I was turned on to Midnight Mass by Ricky Gervais who raved about it in one of his social media chats: ‘I absolutely loved it, and it got better and better. It’s like all the themes like love and death, regret, second chances, but it’s about good and evil in a biblical sense.’
Yes. Midnight Mass is very unusual in that (so far, at least; I’m only two and a bit episodes in) it seems to take Christianity at its own estimation. God is real, miracles do happen, even (or especially) the most miserable sinners can find redemption through repentance. Watching it is quite unsettling because you keep expecting the rug to be pulled from under your feet and, say, the hero priest Father Paul Hill (Hamish Linklater) suddenly to be revealed as a secret agent of Satan.
You expect this because that, generally, is the job of clergymen on TV and in the movies.
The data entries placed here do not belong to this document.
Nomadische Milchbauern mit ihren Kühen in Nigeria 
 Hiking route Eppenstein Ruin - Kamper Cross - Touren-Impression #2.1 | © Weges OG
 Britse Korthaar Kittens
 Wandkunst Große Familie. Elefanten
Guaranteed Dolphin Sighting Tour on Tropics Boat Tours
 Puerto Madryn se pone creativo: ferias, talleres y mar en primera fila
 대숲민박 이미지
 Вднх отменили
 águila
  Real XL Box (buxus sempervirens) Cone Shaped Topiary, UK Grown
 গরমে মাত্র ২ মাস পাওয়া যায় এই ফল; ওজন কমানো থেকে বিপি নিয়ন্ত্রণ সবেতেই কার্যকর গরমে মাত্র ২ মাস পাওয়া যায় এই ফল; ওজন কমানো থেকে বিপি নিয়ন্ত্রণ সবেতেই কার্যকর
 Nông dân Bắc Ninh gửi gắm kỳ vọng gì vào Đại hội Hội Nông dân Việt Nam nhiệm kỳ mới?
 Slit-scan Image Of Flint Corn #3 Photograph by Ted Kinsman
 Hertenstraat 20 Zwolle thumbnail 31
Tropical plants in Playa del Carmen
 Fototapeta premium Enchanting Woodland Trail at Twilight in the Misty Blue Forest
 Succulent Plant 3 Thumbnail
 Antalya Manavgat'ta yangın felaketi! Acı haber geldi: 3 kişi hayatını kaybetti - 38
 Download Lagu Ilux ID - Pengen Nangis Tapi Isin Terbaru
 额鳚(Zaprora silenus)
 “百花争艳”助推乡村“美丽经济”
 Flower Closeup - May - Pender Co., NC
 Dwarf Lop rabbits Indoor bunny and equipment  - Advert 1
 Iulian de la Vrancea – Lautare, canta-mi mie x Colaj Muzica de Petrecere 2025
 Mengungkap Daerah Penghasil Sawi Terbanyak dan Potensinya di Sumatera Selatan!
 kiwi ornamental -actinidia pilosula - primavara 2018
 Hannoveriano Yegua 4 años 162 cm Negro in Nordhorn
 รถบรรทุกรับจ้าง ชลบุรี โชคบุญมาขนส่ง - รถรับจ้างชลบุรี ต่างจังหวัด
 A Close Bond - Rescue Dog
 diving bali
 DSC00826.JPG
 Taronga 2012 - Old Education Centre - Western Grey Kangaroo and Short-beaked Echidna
They are invariably either tortured by doubt, or ineffectual or hypocritical or compromised in some way. Perhaps, like the priest in Fleabag, they’ve been inserted as an unattainable love interest; perhaps, like the vicar in The Vicar of Dibley (with her inverted cross), they are there to reassure you that Christianity really has very little to do with that ‘believing in God’ nonsense. Possibly not since The Exorcist (1973) has a priest been depicted as an honest-to-God fighter against evil.
Midnight Mass is set on a small island off the US coast (though it was filmed in Vancouver) with a dwindling population of 127 folk who live in decaying clapboard houses. Their main industry is crab fishing, though that hasn’t been so good since the oil spill. Everyone bears a burden of some kind or another.